MATERIAL TO PROCESS>
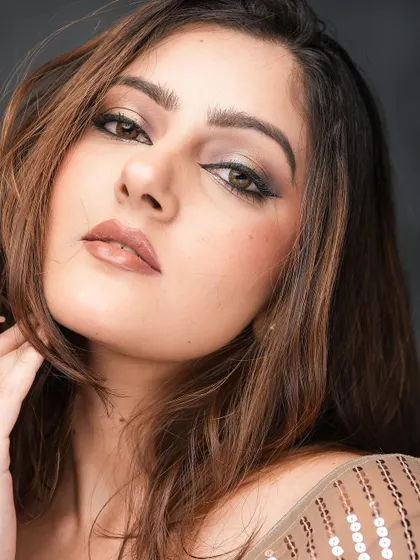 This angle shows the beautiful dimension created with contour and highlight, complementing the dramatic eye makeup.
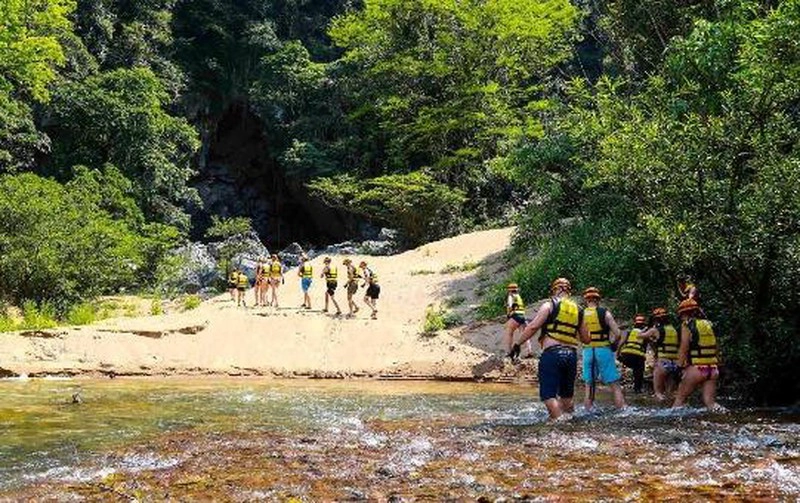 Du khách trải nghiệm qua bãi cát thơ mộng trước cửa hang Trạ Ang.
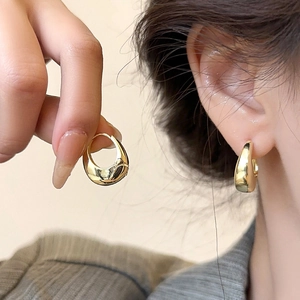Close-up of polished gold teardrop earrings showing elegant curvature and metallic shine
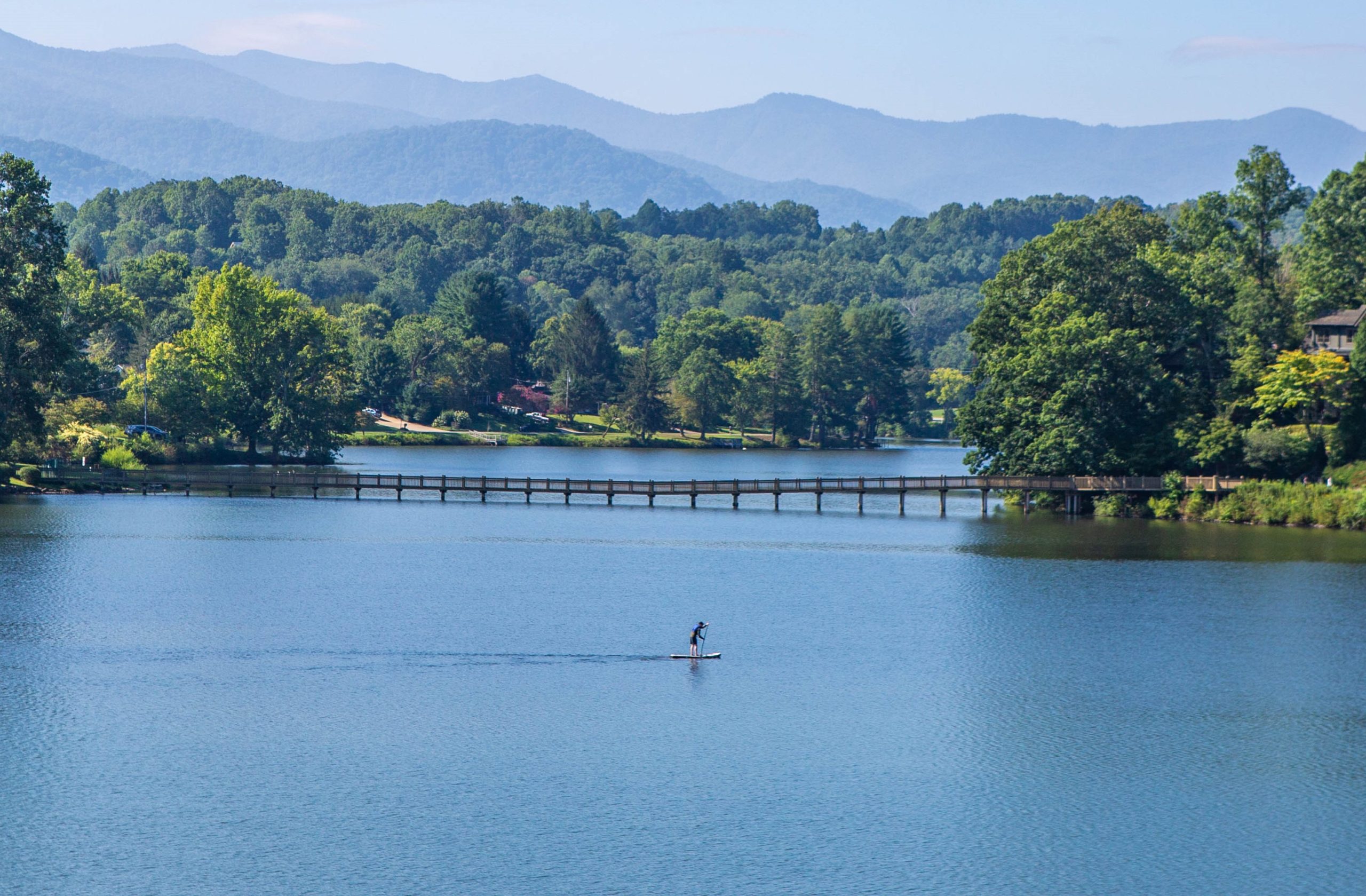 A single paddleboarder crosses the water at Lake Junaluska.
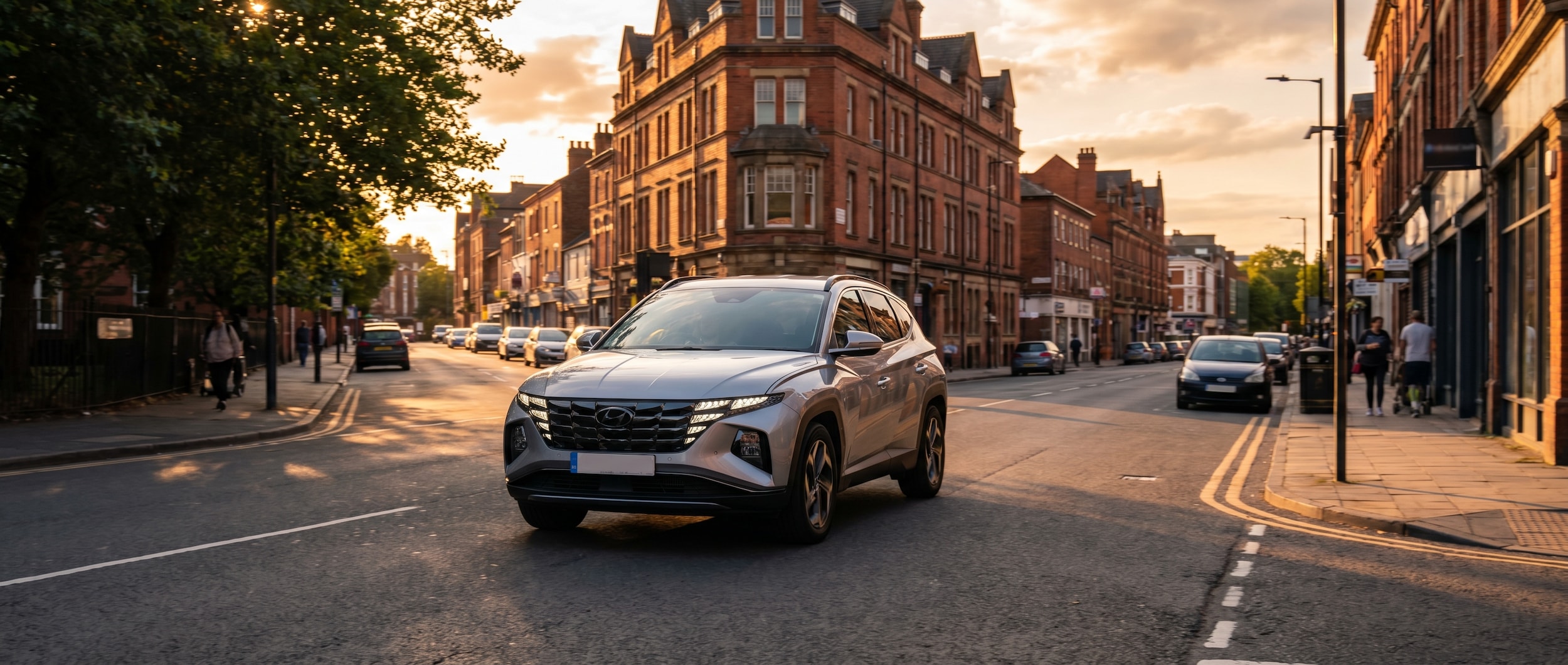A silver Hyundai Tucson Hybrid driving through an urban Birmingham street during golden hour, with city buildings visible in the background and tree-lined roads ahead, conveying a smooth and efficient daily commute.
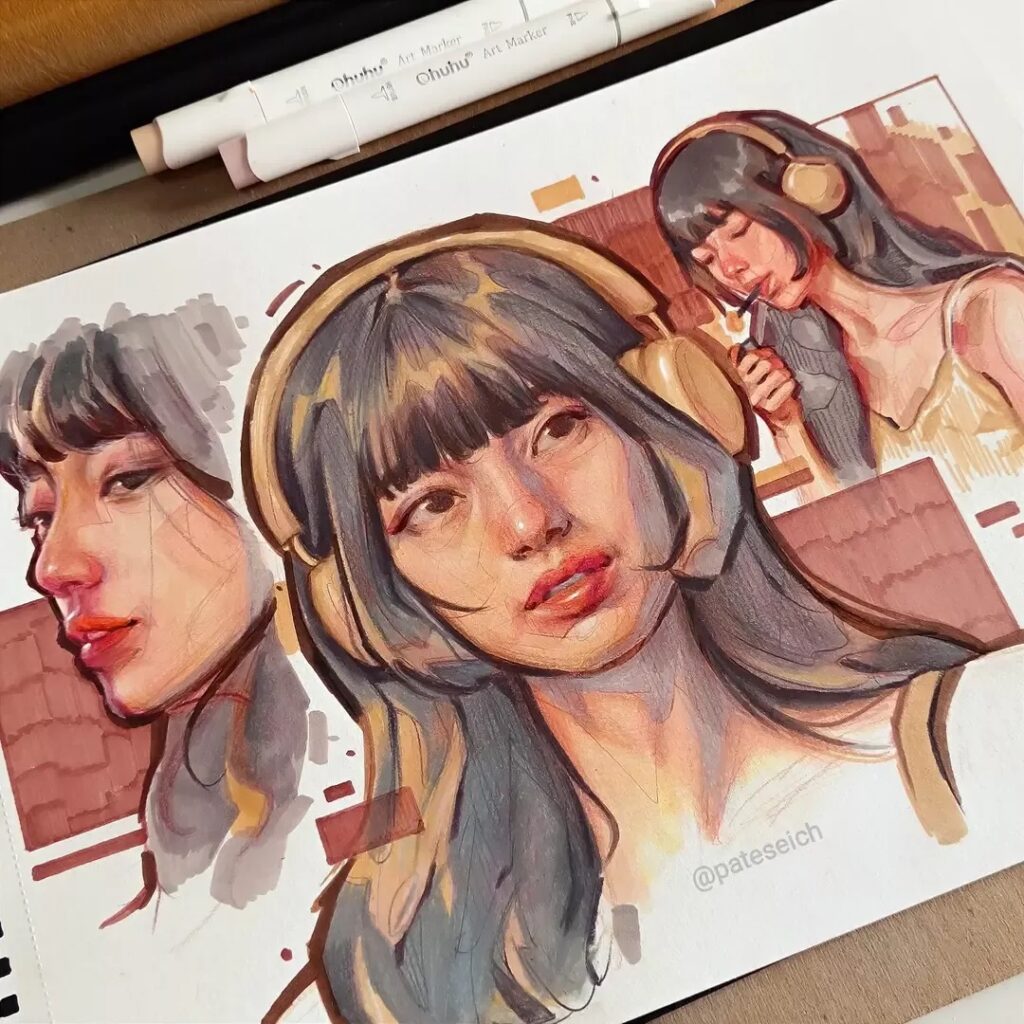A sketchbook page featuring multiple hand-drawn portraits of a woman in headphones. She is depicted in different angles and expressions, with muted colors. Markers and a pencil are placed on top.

...

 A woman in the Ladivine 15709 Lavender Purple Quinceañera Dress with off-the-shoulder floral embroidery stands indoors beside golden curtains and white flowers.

DIRECTIONS>
Within the data above, repeat exactly the lines from the one bearing "This angle shows" through the one bearing "A silver Hyundai". Include no pictures and nothing else.

RESULT OF THIS TASK>
 This angle shows the beautiful dimension created with contour and highlight, complementing the dramatic eye makeup.
 Du khách trải nghiệm qua bãi cát thơ mộng trước cửa hang Trạ Ang.
Close-up of polished gold teardrop earrings showing elegant curvature and metallic shine
 A single paddleboarder crosses the water at Lake Junaluska.
A silver Hyundai Tucson Hybrid driving through an urban Birmingham street during golden hour, with city buildings visible in the background and tree-lined roads ahead, conveying a smooth and efficient daily commute.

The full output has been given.